-------- DATA PROVIDED

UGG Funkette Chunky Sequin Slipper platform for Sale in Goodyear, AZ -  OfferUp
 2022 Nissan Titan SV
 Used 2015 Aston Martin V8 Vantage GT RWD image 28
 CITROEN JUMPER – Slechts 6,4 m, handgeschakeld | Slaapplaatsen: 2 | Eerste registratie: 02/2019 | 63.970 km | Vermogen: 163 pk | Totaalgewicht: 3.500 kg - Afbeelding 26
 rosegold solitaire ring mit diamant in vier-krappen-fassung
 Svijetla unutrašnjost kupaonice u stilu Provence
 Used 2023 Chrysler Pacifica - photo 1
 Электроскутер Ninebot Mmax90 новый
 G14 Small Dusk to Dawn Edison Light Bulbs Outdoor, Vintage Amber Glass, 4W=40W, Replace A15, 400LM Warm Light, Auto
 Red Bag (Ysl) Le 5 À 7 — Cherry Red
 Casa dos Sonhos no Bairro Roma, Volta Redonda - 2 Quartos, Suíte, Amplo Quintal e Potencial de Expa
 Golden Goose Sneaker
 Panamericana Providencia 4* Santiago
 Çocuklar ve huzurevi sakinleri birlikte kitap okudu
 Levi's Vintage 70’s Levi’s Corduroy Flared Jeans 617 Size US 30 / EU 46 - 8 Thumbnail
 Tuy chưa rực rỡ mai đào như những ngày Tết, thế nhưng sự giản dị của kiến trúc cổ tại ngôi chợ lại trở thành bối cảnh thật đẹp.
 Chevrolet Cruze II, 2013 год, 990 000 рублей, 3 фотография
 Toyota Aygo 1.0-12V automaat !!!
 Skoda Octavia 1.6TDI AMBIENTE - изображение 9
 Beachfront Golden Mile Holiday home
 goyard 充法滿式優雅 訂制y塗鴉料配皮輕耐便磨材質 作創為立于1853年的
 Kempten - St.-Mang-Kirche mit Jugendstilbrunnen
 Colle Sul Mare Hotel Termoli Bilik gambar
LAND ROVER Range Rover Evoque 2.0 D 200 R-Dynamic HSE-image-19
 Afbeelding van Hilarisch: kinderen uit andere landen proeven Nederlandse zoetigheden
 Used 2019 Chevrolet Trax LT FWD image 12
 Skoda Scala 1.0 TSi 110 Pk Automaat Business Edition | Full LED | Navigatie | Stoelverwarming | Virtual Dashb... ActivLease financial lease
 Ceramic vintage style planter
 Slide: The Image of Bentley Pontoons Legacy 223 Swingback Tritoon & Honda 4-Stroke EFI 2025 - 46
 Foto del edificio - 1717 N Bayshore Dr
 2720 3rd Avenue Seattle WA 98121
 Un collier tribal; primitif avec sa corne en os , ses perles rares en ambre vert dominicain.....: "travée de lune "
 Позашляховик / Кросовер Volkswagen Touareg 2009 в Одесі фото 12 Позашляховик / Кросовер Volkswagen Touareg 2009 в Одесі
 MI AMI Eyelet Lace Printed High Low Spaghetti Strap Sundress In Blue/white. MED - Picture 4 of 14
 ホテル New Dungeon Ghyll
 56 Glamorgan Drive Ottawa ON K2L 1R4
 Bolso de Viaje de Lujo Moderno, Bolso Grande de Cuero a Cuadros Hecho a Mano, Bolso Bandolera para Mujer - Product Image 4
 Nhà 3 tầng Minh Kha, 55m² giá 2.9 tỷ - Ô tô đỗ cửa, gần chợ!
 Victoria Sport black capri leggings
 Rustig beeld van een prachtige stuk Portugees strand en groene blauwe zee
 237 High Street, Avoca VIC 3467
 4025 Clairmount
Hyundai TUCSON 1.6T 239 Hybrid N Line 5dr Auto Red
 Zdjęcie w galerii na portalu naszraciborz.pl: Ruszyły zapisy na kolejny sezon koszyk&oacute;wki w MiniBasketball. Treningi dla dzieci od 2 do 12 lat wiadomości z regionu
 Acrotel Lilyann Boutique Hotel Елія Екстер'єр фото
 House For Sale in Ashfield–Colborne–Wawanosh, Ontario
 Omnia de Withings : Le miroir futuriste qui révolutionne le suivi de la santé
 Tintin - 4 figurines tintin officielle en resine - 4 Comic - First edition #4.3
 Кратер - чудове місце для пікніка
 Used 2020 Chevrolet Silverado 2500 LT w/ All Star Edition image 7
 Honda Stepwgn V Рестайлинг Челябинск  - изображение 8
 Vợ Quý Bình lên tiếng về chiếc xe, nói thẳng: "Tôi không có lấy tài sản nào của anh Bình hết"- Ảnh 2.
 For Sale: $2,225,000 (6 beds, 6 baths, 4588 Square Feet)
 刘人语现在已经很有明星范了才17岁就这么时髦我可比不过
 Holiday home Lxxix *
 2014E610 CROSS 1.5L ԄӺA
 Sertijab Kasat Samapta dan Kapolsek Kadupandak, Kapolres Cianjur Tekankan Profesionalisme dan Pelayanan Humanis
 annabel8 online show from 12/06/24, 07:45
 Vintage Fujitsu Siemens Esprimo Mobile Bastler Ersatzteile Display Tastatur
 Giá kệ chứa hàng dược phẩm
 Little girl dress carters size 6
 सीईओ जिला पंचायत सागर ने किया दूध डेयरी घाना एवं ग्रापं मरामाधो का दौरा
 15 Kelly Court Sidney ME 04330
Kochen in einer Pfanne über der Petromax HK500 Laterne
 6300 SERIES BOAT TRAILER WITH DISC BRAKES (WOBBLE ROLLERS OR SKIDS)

----------------

## YOUR GOAL
Using the listing above, list every line in which the string "Honda" occurs.

## ANSWER TO THE EXERCISE
 Slide: The Image of Bentley Pontoons Legacy 223 Swingback Tritoon & Honda 4-Stroke EFI 2025 - 46
 Honda Stepwgn V Рестайлинг Челябинск  - изображение 8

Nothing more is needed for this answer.